Parveena Ahangar (born in Srinagar, Jammu and Kashmir) is the Founder and Chairperson of Association of Parents of Disappeared Persons (APDP) in Jammu and Kashmir.

Parveena Ahangar, was nominated for Nobel Peace Prize 2005 . She won the Rafto Prize for Human Rights in 2017 for her “protests against enforced disappearances” and for demanding justice for victims of violence in Jammu and Kashmir. She was named as one of the BBC 100 Women, a list of 100 inspiring and influential women from around the world for 2019.

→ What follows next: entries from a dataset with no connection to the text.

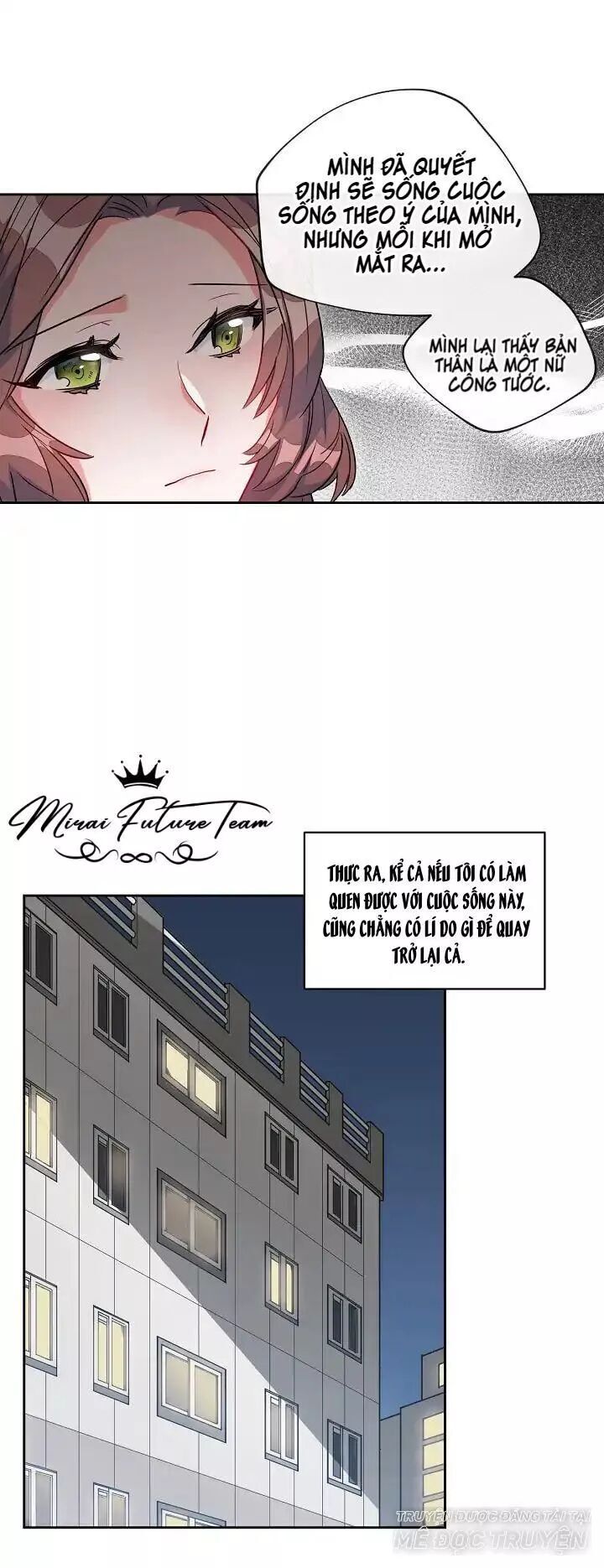 50 Công Thức Pha Trà Của Nữ Công Tước Chapter 3 - 39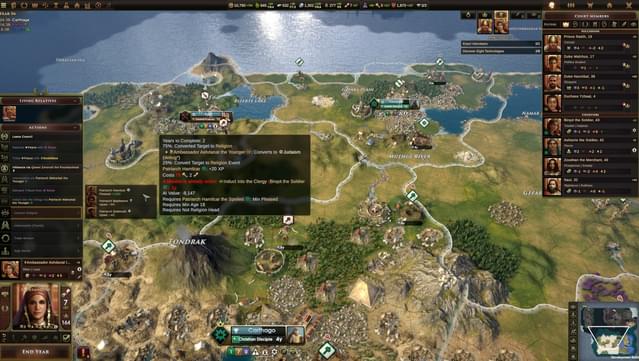 Old World - The Sacred and The Profane screenshot 7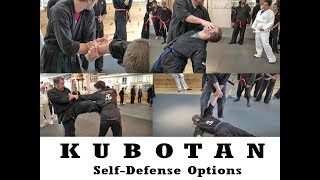 Kubotan 6 Self Defense [upl. by Tal]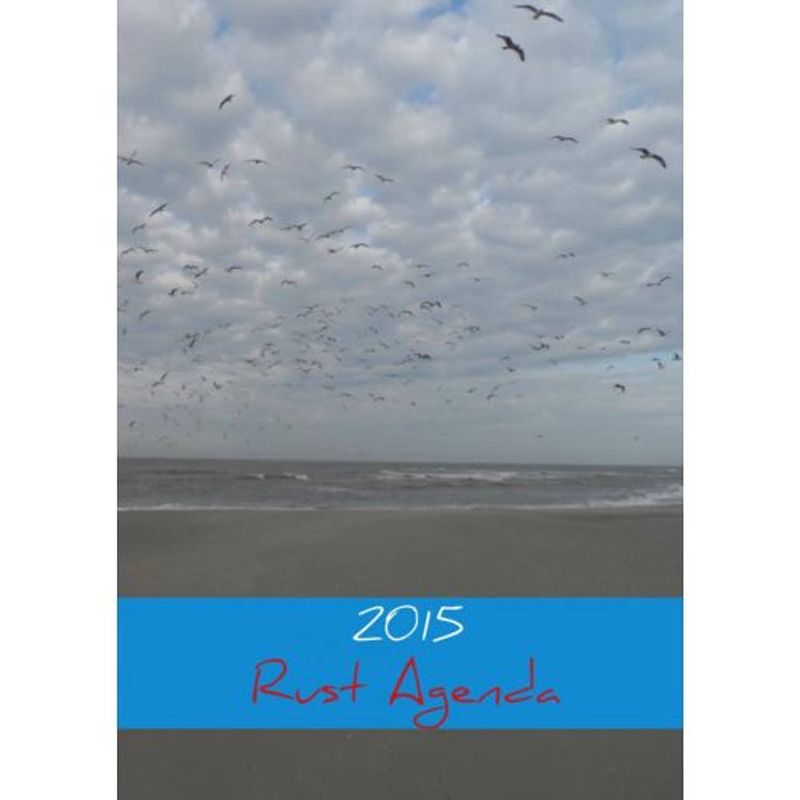 Foto van Boek 2015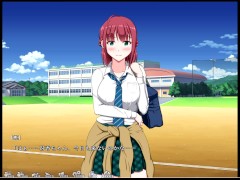 【同人エロゲー 夏神家に起きたこと(体験版)動画9】あの状況から救いはあるのか？(爆乳NTR系 抜きゲー 実況プレイ動画 Hentai game Natsu Jinka Ni Okita)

Parveena is referred to as the 'Iron lady of Kashmir'. She was nominated by the Indian media Channel CNN IBN for an award which she rejected on account of the deceitful approach by Indian media over the pain and tragedies of Kashmiris.

== Association of Parents of Disappeared Persons ==

Parveena started the "Association of Parents of Disappeared Persons" in 1994 to provide support and mobilize family members of missing persons due to enforced disappearances and to put pressure on India's government to investigate the estimated 8-10,000 cases of involuntary disappearances in Kashmir. The organization is part of the Asian Federation Against Involuntary Disappearances.

Parveena Ahanger, co-founder and chairman of the Association of Parents of Disappeared Persons, has represented APDP’s cause in the Philippines (2000), Thailand (2003), Indonesia (2005), Chiang Mai (2006), Geneva (2008), Cambodia (2009) and London (2014).

==Lecture at the University of Westminster==

Ahanger spoke at London's University of Westminster in 2014.